### PROMPT
What is needed is every line of the material that contains "Foto".

### MATERIAL FOR THIS TASK
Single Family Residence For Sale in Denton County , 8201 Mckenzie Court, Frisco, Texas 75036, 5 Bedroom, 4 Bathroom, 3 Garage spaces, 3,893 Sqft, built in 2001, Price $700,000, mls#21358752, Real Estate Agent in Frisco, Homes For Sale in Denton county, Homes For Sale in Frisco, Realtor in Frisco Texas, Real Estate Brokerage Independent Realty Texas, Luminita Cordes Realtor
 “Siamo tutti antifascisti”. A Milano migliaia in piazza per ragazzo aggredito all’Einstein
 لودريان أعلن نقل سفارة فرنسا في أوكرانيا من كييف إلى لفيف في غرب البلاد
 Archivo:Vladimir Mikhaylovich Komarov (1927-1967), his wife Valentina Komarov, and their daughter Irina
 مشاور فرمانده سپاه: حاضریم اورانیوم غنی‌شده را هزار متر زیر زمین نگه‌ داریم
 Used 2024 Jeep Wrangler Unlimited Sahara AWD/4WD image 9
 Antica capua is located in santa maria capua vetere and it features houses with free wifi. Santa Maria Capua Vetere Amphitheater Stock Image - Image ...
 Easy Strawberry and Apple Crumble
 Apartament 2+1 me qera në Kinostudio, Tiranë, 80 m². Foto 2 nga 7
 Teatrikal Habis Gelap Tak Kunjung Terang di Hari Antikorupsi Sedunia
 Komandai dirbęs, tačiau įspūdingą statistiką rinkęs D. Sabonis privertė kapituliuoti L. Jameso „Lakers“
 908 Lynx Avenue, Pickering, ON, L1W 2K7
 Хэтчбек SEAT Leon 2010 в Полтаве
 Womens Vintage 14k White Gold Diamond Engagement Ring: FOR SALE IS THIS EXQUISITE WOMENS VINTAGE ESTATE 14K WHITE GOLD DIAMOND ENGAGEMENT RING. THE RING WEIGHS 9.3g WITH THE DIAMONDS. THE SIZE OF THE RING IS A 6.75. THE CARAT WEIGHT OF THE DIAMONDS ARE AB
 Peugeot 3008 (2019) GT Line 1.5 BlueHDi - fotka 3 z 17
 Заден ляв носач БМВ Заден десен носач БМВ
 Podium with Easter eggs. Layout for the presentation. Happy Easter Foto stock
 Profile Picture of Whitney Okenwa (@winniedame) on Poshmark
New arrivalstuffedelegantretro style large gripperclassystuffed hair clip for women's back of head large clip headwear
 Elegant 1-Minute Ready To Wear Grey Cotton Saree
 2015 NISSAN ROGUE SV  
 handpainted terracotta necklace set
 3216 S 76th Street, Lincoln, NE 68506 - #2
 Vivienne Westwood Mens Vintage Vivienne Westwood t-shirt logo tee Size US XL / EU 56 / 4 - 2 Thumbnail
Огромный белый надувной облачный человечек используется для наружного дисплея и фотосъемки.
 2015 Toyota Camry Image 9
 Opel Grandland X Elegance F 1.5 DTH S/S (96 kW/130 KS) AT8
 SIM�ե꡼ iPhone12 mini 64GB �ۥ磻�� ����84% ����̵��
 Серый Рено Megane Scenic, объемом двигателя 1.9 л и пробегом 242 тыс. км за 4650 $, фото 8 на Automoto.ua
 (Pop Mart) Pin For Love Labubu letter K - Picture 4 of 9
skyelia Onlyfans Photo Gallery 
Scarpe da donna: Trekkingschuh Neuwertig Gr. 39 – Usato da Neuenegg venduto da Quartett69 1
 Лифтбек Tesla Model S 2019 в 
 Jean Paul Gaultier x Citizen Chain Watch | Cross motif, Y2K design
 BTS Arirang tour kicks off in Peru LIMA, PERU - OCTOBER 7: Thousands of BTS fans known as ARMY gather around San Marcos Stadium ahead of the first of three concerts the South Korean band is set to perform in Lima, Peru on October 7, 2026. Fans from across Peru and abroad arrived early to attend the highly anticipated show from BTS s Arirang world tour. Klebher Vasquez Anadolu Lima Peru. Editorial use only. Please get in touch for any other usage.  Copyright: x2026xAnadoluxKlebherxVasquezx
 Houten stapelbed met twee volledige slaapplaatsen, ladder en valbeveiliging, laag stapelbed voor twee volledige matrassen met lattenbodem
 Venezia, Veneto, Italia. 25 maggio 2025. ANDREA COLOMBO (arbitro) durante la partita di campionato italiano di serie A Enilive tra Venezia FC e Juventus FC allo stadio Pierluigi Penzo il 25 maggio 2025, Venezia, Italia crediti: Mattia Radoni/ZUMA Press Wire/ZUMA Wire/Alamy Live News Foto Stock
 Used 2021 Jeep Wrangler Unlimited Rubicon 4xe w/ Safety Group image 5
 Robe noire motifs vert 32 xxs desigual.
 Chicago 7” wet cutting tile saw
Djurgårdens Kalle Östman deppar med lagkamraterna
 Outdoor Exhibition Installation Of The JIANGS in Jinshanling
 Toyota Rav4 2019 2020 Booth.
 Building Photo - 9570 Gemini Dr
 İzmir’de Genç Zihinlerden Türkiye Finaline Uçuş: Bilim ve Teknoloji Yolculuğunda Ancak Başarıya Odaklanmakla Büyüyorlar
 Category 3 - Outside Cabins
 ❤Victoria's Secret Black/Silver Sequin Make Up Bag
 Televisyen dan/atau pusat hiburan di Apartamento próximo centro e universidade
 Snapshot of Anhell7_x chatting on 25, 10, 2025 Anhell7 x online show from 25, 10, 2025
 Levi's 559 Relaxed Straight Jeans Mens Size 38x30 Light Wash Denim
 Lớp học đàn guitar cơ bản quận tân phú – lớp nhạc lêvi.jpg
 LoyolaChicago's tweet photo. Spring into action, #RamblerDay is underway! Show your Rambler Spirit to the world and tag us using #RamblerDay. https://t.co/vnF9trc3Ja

### WRITTEN ANSWER
 Apartament 2+1 me qera në Kinostudio, Tiranë, 80 m². Foto 2 nga 7
 Podium with Easter eggs. Layout for the presentation. Happy Easter Foto stock
 Venezia, Veneto, Italia. 25 maggio 2025. ANDREA COLOMBO (arbitro) durante la partita di campionato italiano di serie A Enilive tra Venezia FC e Juventus FC allo stadio Pierluigi Penzo il 25 maggio 2025, Venezia, Italia crediti: Mattia Radoni/ZUMA Press Wire/ZUMA Wire/Alamy Live News Foto Stock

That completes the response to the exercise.